The text representation of numbers often varies in length
One example of custom file formats I’ve encountered is for storing data for the tilemaps in my game. The program I use to assemble the tilemap has a way to script custom export options. I use this to store the raw tilemap data to ensure that each piece of tile data is a constant size and as small as possible by not requiring the file to be human readable. Although the data may not be represented in plain text, debugging is still possible by viewing the hexadecimal data of the file. I did this extensively when I was first learning how to make the custom exporter for my files.
Parsing
The flexibility of file formats is wasted by using them for storing simple data like an array. Any additional features or capabilities that a file format provides usually make extracting the data from the file more difficult. This means that by not utilizing the full capabilities of a file format, complexity is added with little benefit. By restricting yourself to only the common file formats, you are more likely to use the wrong format for a given set of data.
Readability also contributes to files being harder to parse than if the data was stored directly. Human readable files often include delimiters such as commas and braces which need to be analyzed in order to extract the data. For a while, I was saving my tilemap data as a CSV file which is meant to be human-readable. This added some overhead and complexity to parsing the file compared to what I do currently which just involves first reading some information in the file header.
Non-data is often used for organizing data, even if it is very simple
Control
Custom file formats allow for complete control over the nuances of the format which outside formats may or may not document. This means that you should document the file format and include the version of the format in the file header. Making your own importers and exporters for each file format may add some additional work but it allows you to ensure a level of quality instead of relying on a third-party library.
I don’t imagine that the CSV file format will change much so that isn’t cause for concern in my case. However, the default CSV export option in the tilemap program I use may not contain all the information necessary for my tilemaps. By managing my own format I can alter it as much as I want so whatever information I need from the tilemap is included.
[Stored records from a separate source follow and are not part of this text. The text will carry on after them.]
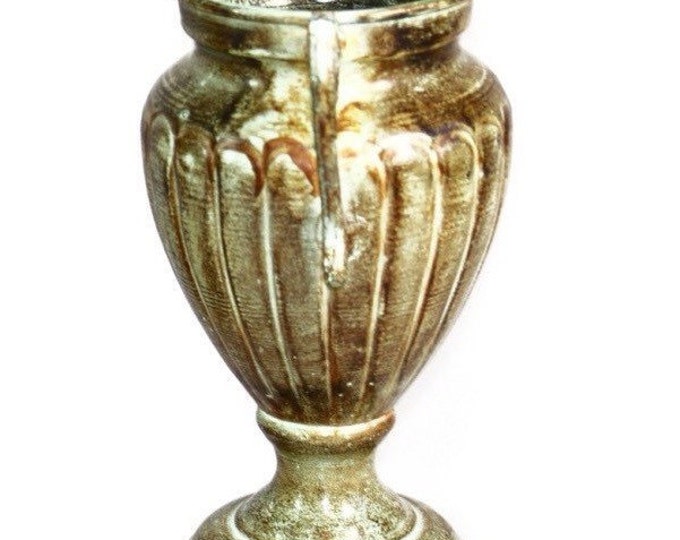 Storewide 25% Off SALE Vintage Galvanized Old Weathered Double Handle Decorative Floral Vase Featuring Antiqued White Wash Style Finish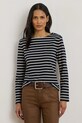 Хлопковый лонгслив Lauren Ralph Lauren хлопок тёмно-синий 200980155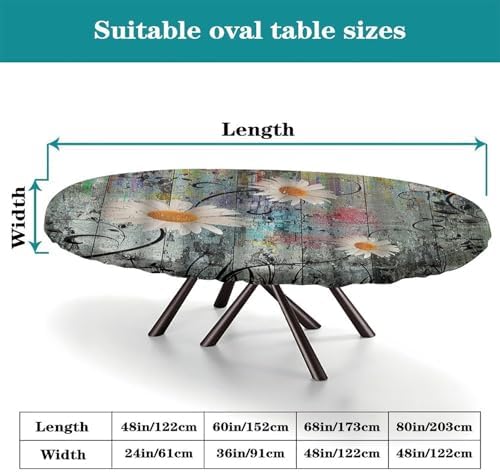 Colorful Daisies on Textured Background Print Oval Tablecloths Stain Resistant Oilproof Elastic for Dining/Party/Buffet/Wedding Fits for 48" x 68" Oval Table - Image 4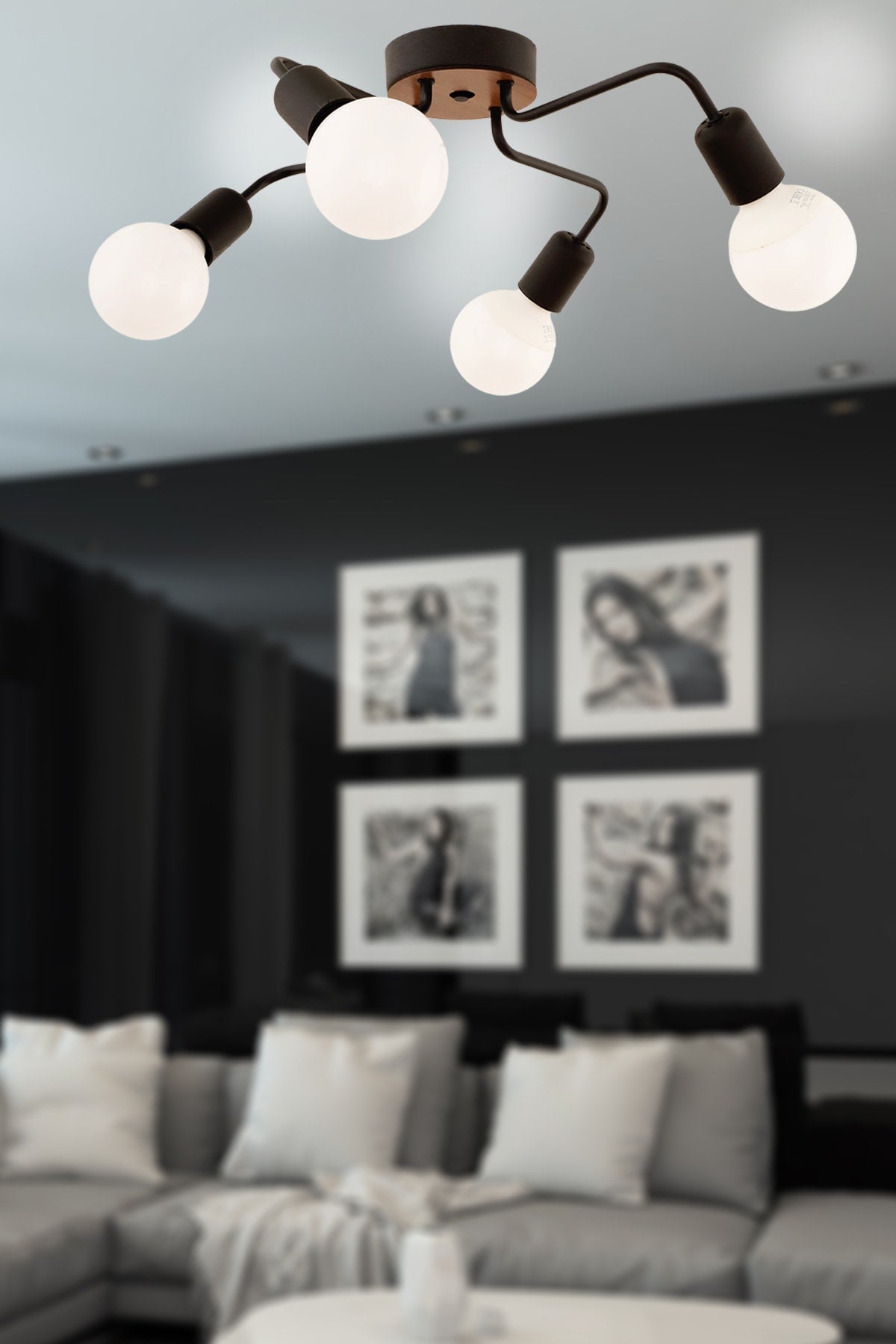 Octopus 4Th Modern Black Chandelier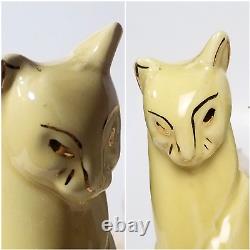 Vintage Mid-Century Art Deco Ceramic Yellow & Gold Siamese Cat Sculpture 6.5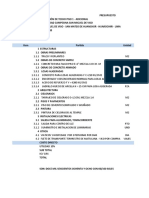 Presupuesto ampliación techo piso 1 - Comunidad San Miguel de Viso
How many binary files are organized, including mine
Conclusion
By using custom file formats, many benefits can be gained in complexity, speed, and control. Using already existing formats can lead to several complications and lead to sub-par solutions for easy problems. I have implemented one custom file format in my game so far, and plan to implement several more. See if you can find parts of programs that you think a custom file format would be better suited than the current solution.